I can locate the sentence in Cotton Mather. He attributes it to Lactantius but doesn't provide any more specific citation. So where did Mather get it?

Quite possibly from his father, Increase Mather. Increase printed the same sentence on the cover page of his Cases of Conscience Concerning Evil Spirits Personating Men (1693), a pamphlet printed together with Cotton Mather's The Wonders of the Invisible World (the cover is page 219 of the document in Google Books). Increase attributes the quotation to Lactantius, Divinae Institutiones, book 2, chapter 15. Aha! Now we have a source for Joshi's mistaken citation. But it's still mistaken. Where did Increase find the damn thing?

I think I know. We need to look into Nicolaus Remigius' Daemonolatreia, a 3-book treatise on witchcraft and demon worship published in 1595. Remigius was a judge and self-styled expert in the prosecution of witches, a topic of interest to both Mathers. Here's a passage from book 3, chapter 11 (p. 385):
iam dubium nemini esse debet, quin quoque se videndi, aut non videndi, quibus velint, copiam facere possint: Nam & quod studendum magis est, hoc praeterea efficiunt (inquit Lactantius 3.) ut quae non sunt, sic tamen quasi sint, conspicienda hominibus exhibeant.

3. Lib. ii. de Origi erro. cap. 15

At this point no one ought to doubt that they [Demons] can also allow whomever they wish to see them, or not to see them: For they also–a thing that is even more worthy of attention–have this ability besides (as Lactantius says 3.), to cause people to see things that do not exist as if they did exist.

3. Book 2, De Origine Erroris ["On the origin of the error" = the title of the second book of Lactantius' Divinae Institutiones] chapter 15
The part in bold matches Increase Mather's tag precisely. Now, Remigius is citing Lactantius as an authority for the idea that demons can make people see things that aren't there. He isn't claiming to quote Lactantius, just to paraphrase him. Increase Mather took Remigius' paraphrase; made it a self-sufficient sentence by supplying the subject Daemones ("demons") and removing both the connective praeterea ("besides") and the anticipatory hoc ("this"); and then attributed this new, hybrid construct to the chapter from Lactantius that Remigius had cited. No wonder I couldn't find this "quotation" in Lactantius: it's a paraphrase masquerading as the author's original words.

The next step is to pinpoint what Remigius was paraphrasing. Actually there's nothing in Div.Inst. book 2, chapter 15 that resembles his summary, but the previous chapter, chapter 14, has this:
magorum quoque ars omnis ac potentia horum adspirationibus constat, a quibus inuocati uisus hominum praestigiis obcaecantibus fallunt, ut non uideant ea quae sunt et uidere se putent illa quae non sunt.

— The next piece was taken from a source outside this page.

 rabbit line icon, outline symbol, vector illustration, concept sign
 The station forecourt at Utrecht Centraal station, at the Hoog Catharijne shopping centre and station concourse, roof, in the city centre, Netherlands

All the art and power of the mages too consists in the influences of these beings [= Demons]: when invoked by the mages, they deceive the sight of men with blinding tricks, so that they do not see the things that are there and suppose they see those things that are not.
The last part of this sentence must be Remigius' source. Since chapter 15 of Lactantius starts off with a summary reference to "all these deceits" (Quarum omnium fallaciarum), it's not so surprising that Remigius' reference was one chapter off.

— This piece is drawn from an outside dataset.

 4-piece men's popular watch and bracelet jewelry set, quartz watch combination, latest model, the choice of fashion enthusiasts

The interesting thing about tralatitious quotations and citations, gentle reader, is that as they're handed off from one author to another, the precise nature of the original tends to drop out of sight, like in a game of telephone. From Increase Mather to Cotton Mather to S. T. Joshi, no one bothered to go back and verify the source. This is excusable in the colonial-period divines, less so in the modern scholar.

I don't include Lovecraft in my criticism of the Mathers and Joshi because it's just possible he knew better. In an early scene of "The Festival," the narrator looks through a pile of old books:
when I sat down to read I saw that the books were hoary and mouldy, and that they included old Morryster's wild Marvells of Science, the terrible Saducismus Triumphatus of Joseph Glanvil, published in 1681, the shocking Daemonolatreia of Remigius, printed in 1595 at Lyons, and worst of all, the unmentionable Necronomicon of the mad Arab Abdul Alhazred, in Olaus Wormius' forbidden Latin translation;
Remigius is there! The narrator could have found in that book the Latin tag that opens the story he's in. (It might have warned him that Kingsport's oddly anachronistic cityscape was not what it seemed to be.)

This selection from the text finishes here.